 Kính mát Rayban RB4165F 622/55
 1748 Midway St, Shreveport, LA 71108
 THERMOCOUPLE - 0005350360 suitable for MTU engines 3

▬▬▬▬▬▬

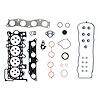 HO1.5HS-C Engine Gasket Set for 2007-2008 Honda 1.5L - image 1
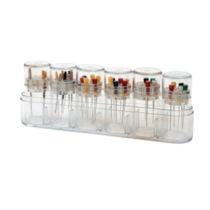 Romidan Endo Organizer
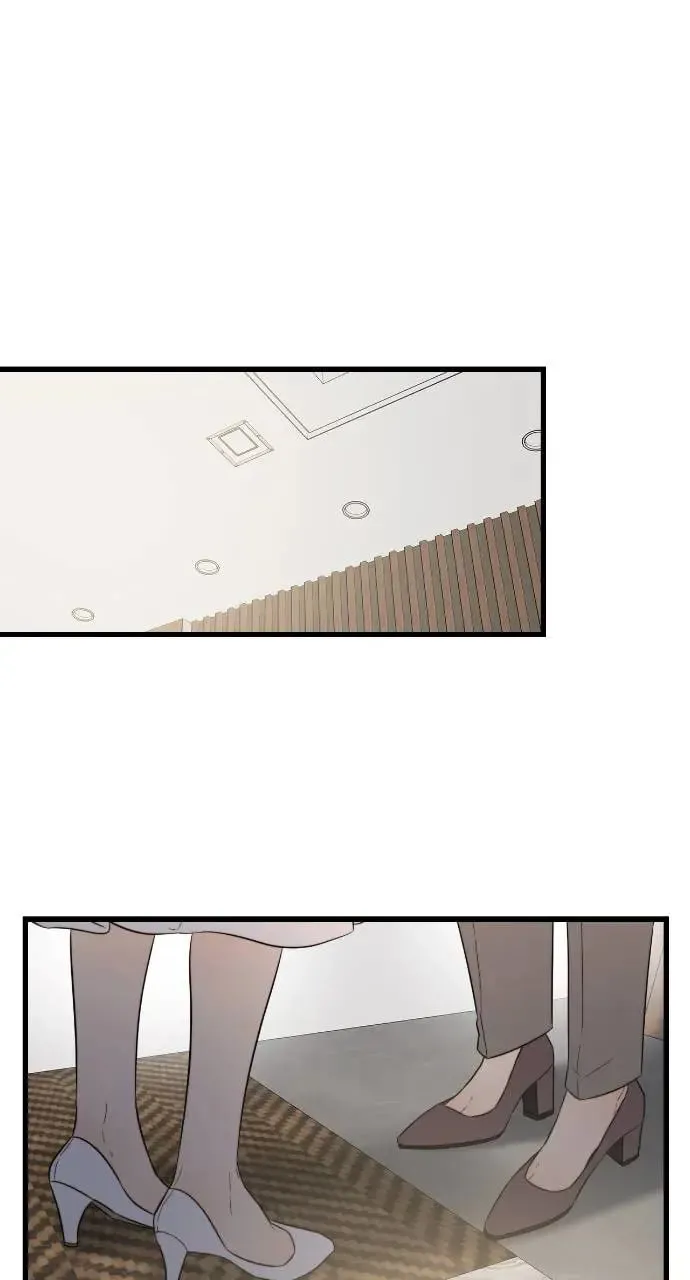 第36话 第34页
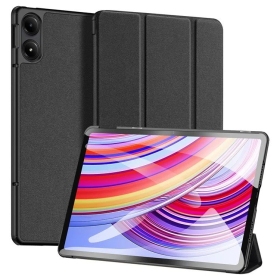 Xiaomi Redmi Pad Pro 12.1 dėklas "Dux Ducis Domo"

▬▬▬▬▬▬

▶ [WHAT NEEDS TO BE DONE] When copying from the data above, print only the lines from the line containing "Romidan Endo Organizer" to the line containing "Xiaomi Redmi Pad", exactly, and leave the pictures out.

▶ [THE COMPLETED TASK]
 Romidan Endo Organizer
 第36话 第34页
 Xiaomi Redmi Pad Pro 12.1 dėklas "Dux Ducis Domo"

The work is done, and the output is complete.